-- The records follows --

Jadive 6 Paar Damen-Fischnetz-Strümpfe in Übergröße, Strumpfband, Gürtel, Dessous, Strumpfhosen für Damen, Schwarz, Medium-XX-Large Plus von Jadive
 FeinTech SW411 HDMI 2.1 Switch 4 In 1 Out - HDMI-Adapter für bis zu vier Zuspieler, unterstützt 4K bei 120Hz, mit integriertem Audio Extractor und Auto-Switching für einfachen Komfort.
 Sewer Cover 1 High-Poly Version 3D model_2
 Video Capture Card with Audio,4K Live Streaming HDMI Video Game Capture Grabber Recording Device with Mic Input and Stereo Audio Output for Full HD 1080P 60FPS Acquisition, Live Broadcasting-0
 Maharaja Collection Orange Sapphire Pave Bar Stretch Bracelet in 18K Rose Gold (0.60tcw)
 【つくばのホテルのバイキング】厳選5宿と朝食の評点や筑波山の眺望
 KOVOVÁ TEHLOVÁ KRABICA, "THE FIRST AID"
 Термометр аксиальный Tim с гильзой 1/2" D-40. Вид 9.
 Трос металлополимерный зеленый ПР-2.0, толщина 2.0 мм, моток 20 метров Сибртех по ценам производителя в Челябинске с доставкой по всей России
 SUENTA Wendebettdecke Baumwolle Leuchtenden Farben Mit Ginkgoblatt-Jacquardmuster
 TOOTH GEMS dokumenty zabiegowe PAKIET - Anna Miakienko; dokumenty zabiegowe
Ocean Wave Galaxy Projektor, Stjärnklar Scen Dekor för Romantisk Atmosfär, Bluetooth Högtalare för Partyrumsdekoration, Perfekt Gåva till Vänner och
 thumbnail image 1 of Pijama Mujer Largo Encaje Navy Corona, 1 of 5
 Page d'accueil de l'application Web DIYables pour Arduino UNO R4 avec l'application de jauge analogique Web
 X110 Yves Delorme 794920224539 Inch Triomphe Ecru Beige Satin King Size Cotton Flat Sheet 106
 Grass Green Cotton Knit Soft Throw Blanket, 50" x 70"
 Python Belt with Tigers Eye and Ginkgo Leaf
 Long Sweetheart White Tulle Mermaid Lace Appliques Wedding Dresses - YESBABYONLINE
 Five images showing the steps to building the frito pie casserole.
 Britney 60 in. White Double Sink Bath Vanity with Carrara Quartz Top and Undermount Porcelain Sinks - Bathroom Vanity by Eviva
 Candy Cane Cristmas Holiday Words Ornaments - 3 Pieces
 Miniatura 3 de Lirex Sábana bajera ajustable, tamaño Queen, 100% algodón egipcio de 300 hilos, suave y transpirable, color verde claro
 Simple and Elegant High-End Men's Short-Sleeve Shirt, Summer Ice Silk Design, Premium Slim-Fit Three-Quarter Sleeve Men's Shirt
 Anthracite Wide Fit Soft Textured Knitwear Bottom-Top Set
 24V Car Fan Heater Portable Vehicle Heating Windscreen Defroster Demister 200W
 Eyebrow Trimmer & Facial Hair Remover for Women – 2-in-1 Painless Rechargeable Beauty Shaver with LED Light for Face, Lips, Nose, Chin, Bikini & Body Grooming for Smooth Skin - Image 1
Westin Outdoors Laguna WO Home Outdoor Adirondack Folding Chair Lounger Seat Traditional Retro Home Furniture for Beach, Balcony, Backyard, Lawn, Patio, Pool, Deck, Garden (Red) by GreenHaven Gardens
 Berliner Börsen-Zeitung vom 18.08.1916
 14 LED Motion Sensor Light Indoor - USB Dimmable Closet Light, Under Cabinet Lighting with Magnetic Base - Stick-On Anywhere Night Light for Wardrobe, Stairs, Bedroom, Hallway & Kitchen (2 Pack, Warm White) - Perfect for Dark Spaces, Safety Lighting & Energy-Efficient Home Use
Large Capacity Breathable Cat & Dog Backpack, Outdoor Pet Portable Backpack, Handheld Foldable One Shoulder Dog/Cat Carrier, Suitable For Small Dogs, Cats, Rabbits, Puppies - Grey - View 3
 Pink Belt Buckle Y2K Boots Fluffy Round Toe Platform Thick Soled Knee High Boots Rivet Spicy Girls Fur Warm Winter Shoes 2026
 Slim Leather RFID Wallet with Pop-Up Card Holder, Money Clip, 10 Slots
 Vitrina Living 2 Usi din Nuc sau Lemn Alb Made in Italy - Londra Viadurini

-- The records concluded --

*Required work:* Copy out every record above once more, precisely as written.

*Answer to this task:*
Jadive 6 Paar Damen-Fischnetz-Strümpfe in Übergröße, Strumpfband, Gürtel, Dessous, Strumpfhosen für Damen, Schwarz, Medium-XX-Large Plus von Jadive
 FeinTech SW411 HDMI 2.1 Switch 4 In 1 Out - HDMI-Adapter für bis zu vier Zuspieler, unterstützt 4K bei 120Hz, mit integriertem Audio Extractor und Auto-Switching für einfachen Komfort.
 Sewer Cover 1 High-Poly Version 3D model_2
 Video Capture Card with Audio,4K Live Streaming HDMI Video Game Capture Grabber Recording Device with Mic Input and Stereo Audio Output for Full HD 1080P 60FPS Acquisition, Live Broadcasting-0
 Maharaja Collection Orange Sapphire Pave Bar Stretch Bracelet in 18K Rose Gold (0.60tcw)
 【つくばのホテルのバイキング】厳選5宿と朝食の評点や筑波山の眺望
 KOVOVÁ TEHLOVÁ KRABICA, "THE FIRST AID"
 Термометр аксиальный Tim с гильзой 1/2" D-40. Вид 9.
 Трос металлополимерный зеленый ПР-2.0, толщина 2.0 мм, моток 20 метров Сибртех по ценам производителя в Челябинске с доставкой по всей России
 SUENTA Wendebettdecke Baumwolle Leuchtenden Farben Mit Ginkgoblatt-Jacquardmuster
 TOOTH GEMS dokumenty zabiegowe PAKIET - Anna Miakienko; dokumenty zabiegowe
Ocean Wave Galaxy Projektor, Stjärnklar Scen Dekor för Romantisk Atmosfär, Bluetooth Högtalare för Partyrumsdekoration, Perfekt Gåva till Vänner och
 thumbnail image 1 of Pijama Mujer Largo Encaje Navy Corona, 1 of 5
 Page d'accueil de l'application Web DIYables pour Arduino UNO R4 avec l'application de jauge analogique Web
 X110 Yves Delorme 794920224539 Inch Triomphe Ecru Beige Satin King Size Cotton Flat Sheet 106
 Grass Green Cotton Knit Soft Throw Blanket, 50" x 70"
 Python Belt with Tigers Eye and Ginkgo Leaf
 Long Sweetheart White Tulle Mermaid Lace Appliques Wedding Dresses - YESBABYONLINE
 Five images showing the steps to building the frito pie casserole.
 Britney 60 in. White Double Sink Bath Vanity with Carrara Quartz Top and Undermount Porcelain Sinks - Bathroom Vanity by Eviva
 Candy Cane Cristmas Holiday Words Ornaments - 3 Pieces
 Miniatura 3 de Lirex Sábana bajera ajustable, tamaño Queen, 100% algodón egipcio de 300 hilos, suave y transpirable, color verde claro
 Simple and Elegant High-End Men's Short-Sleeve Shirt, Summer Ice Silk Design, Premium Slim-Fit Three-Quarter Sleeve Men's Shirt
 Anthracite Wide Fit Soft Textured Knitwear Bottom-Top Set
 24V Car Fan Heater Portable Vehicle Heating Windscreen Defroster Demister 200W
 Eyebrow Trimmer & Facial Hair Remover for Women – 2-in-1 Painless Rechargeable Beauty Shaver with LED Light for Face, Lips, Nose, Chin, Bikini & Body Grooming for Smooth Skin - Image 1
Westin Outdoors Laguna WO Home Outdoor Adirondack Folding Chair Lounger Seat Traditional Retro Home Furniture for Beach, Balcony, Backyard, Lawn, Patio, Pool, Deck, Garden (Red) by GreenHaven Gardens
 Berliner Börsen-Zeitung vom 18.08.1916
 14 LED Motion Sensor Light Indoor - USB Dimmable Closet Light, Under Cabinet Lighting with Magnetic Base - Stick-On Anywhere Night Light for Wardrobe, Stairs, Bedroom, Hallway & Kitchen (2 Pack, Warm White) - Perfect for Dark Spaces, Safety Lighting & Energy-Efficient Home Use
Large Capacity Breathable Cat & Dog Backpack, Outdoor Pet Portable Backpack, Handheld Foldable One Shoulder Dog/Cat Carrier, Suitable For Small Dogs, Cats, Rabbits, Puppies - Grey - View 3
 Pink Belt Buckle Y2K Boots Fluffy Round Toe Platform Thick Soled Knee High Boots Rivet Spicy Girls Fur Warm Winter Shoes 2026
 Slim Leather RFID Wallet with Pop-Up Card Holder, Money Clip, 10 Slots
 Vitrina Living 2 Usi din Nuc sau Lemn Alb Made in Italy - Londra Viadurini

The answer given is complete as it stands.